Set up a sample policy to detect silent Google SecOps collection agents

The following sample policy detects all the Google SecOps collection agents and sends alerts if the Google SecOps collection agents don't send logs for 60 minutes. This sample might not be useful for all the Google SecOps collection agents which you want to monitor. For example, you can monitor a single log source across one or many Google SecOps collection agents with a different threshold or exclude Google SecOps collection agents based upon their frequency of reporting.

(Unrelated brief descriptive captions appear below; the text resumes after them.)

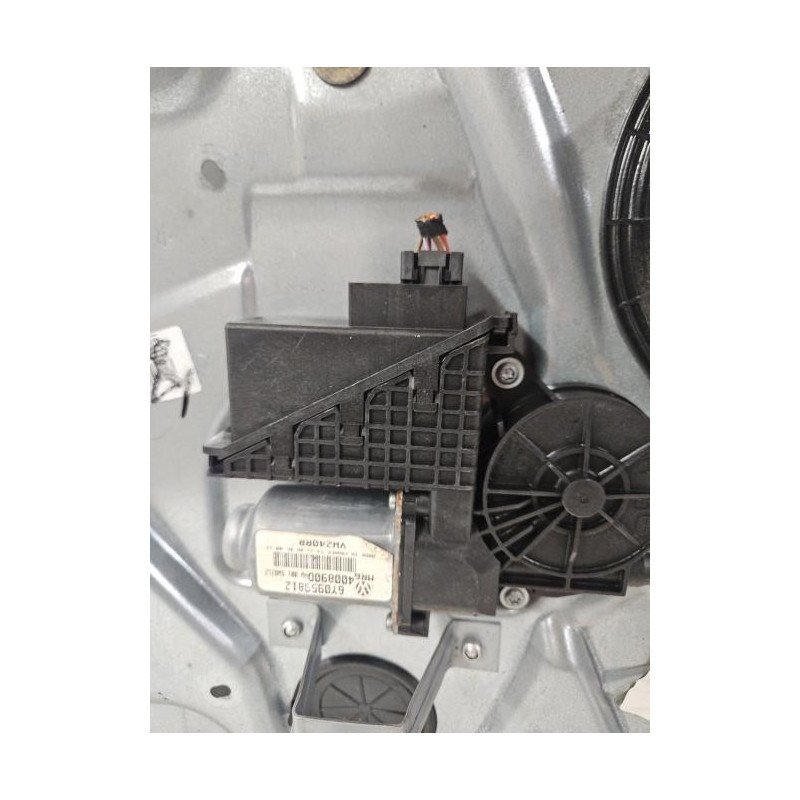 Leve Vitre Electrique Arriere Droit Volkswagen Polo 4 Phase 2 (1)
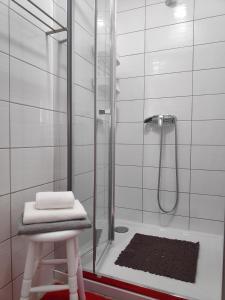 baño con ducha y taburete con toallas en House Seven, en Horta 36 fotos más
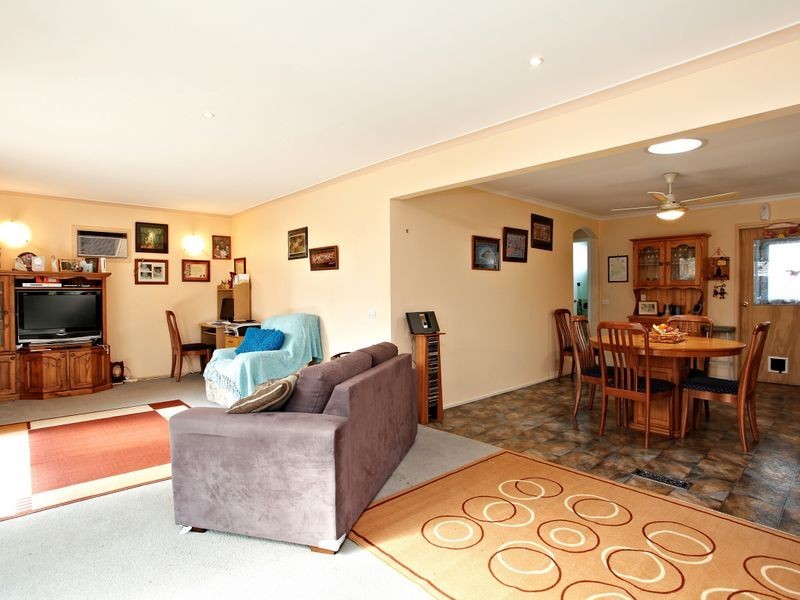 17 Democrat Drive, The Basin VIC 3154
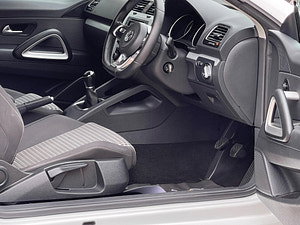 Volkswagen Scirocco thumbnail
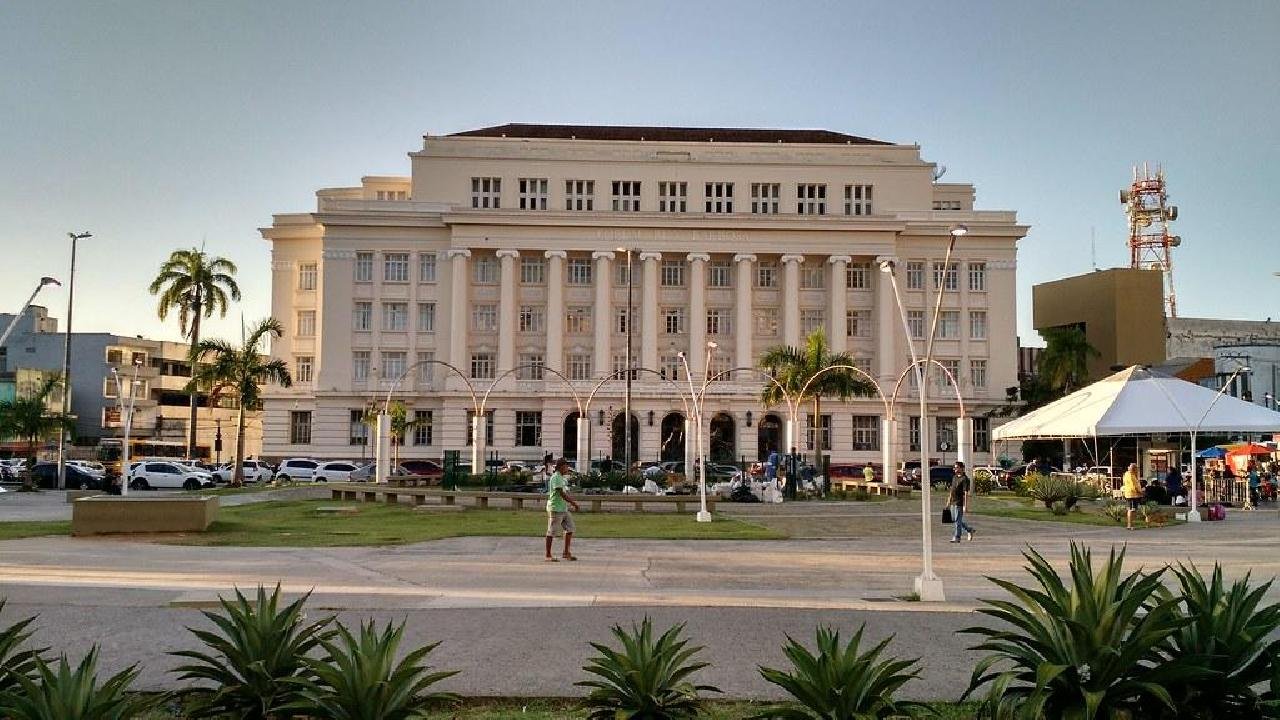 RATOS ROEM CABOS DE FIBRA ÓTICA E CARTÓRIOS ANEXOS AO FÓRUM RUY BARBOSA FICAM SEM SISTEMA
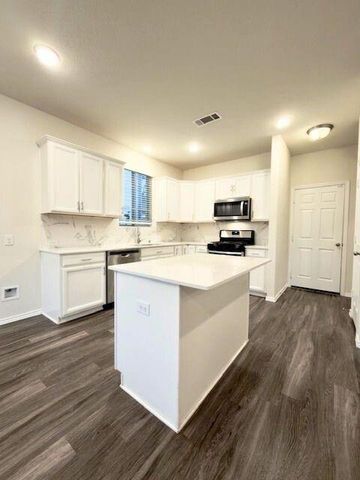 2210 Timberland Country Court, Conroe, TX 77304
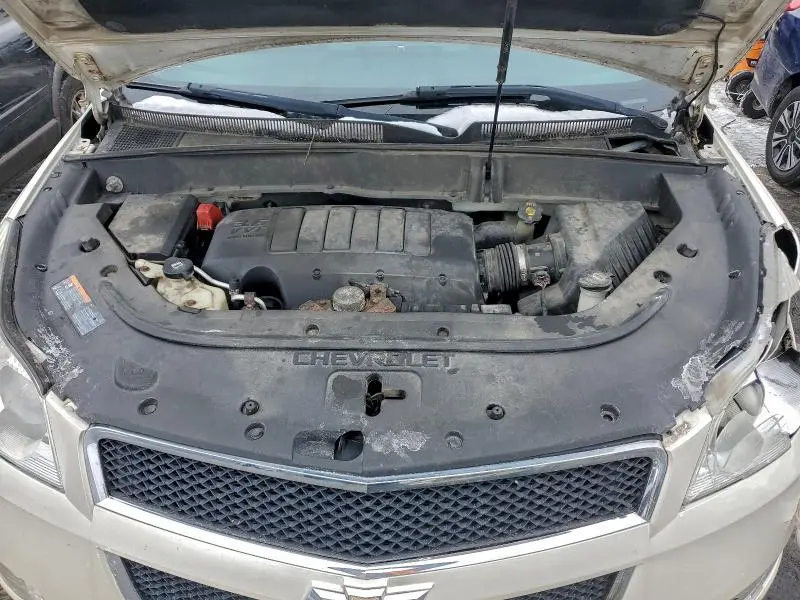 2011 CHEVROLET TRAVERSE LT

  1. In the Google Cloud console, select Monitoring.
    Go to Cloud Monitoring

  2. Click Create Policy.

  3. On the Select a metric page, select Chronicle Collector > Agent > Exporter Accepted Spans Count.

  4. Click Apply.

  5. In the Transform data section, do the following:

    1. Set the Rolling window to 1 hour.
    2. Set the Rolling window function to mean.
    3. Set the Time series aggregation to mean.
    4. Set the Time series group by to collector_id. If this is not set to group by collector_id, then an alert is triggered for each log source.
  6. Click Next.

  7. Select Metric absence and do the following:

    1. Set Alert trigger to Any time series violates.
    2. Set Trigger absence time to 1 hour.
    3. Enter a name for the condition and then click Next.
  8. In the Notifications and name section, do the following:

    1. Select a notification channel in the Use notification channel box. We recommend that you configure multiple notification channels for redundancy purposes.
    2. Configure notifications on incident closure.
    3. Set policy user labels to an appropriate level. This is used for setting the severity level of the alert for a policy.
    4. Enter any documentation that you would like to be sent as part of the alert.
    5. Enter a name for the alert policy.